▶ [Aim of the exercise]
Below are the records. Retype exactly the lines between the lines holding "Wedding party members" and "Ejemplo de casa", inclusive.

Given data Block Start

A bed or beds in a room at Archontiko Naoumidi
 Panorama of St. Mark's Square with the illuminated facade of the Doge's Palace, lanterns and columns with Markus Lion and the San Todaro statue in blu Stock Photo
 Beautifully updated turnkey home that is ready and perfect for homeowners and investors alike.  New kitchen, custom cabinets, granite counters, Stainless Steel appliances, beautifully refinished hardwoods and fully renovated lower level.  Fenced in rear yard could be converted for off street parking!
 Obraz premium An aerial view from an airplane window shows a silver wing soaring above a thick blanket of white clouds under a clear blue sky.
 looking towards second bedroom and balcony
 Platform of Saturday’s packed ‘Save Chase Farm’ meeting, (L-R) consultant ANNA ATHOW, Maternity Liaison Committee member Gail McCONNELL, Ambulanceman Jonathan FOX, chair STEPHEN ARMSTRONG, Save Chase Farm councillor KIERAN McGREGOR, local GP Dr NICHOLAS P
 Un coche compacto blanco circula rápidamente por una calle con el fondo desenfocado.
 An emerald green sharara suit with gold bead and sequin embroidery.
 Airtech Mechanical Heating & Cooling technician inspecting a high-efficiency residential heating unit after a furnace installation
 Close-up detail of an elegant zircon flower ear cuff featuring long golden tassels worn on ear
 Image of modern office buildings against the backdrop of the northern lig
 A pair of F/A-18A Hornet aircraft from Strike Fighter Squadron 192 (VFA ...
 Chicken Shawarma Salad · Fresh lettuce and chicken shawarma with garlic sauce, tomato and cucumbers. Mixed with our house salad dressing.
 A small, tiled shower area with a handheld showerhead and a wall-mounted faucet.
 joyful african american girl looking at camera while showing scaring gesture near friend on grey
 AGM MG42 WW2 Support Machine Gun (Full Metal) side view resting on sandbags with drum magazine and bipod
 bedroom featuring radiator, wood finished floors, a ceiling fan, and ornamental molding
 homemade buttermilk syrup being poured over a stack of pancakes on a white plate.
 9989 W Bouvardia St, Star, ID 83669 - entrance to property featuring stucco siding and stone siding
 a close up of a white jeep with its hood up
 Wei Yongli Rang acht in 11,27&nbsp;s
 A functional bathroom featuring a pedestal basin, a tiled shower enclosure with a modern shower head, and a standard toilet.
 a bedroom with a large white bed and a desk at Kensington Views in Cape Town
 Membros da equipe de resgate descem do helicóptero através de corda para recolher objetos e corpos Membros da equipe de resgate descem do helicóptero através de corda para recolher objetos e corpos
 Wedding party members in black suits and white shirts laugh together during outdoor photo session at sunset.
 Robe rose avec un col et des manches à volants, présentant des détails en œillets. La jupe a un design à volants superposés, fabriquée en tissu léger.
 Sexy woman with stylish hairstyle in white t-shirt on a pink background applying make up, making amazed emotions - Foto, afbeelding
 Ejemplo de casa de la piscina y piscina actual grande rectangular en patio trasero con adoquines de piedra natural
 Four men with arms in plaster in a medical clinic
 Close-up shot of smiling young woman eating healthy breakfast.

Given data Block End

▶ [Answer section]
 Wedding party members in black suits and white shirts laugh together during outdoor photo session at sunset.
 Robe rose avec un col et des manches à volants, présentant des détails en œillets. La jupe a un design à volants superposés, fabriquée en tissu léger.
 Sexy woman with stylish hairstyle in white t-shirt on a pink background applying make up, making amazed emotions - Foto, afbeelding
 Ejemplo de casa de la piscina y piscina actual grande rectangular en patio trasero con adoquines de piedra natural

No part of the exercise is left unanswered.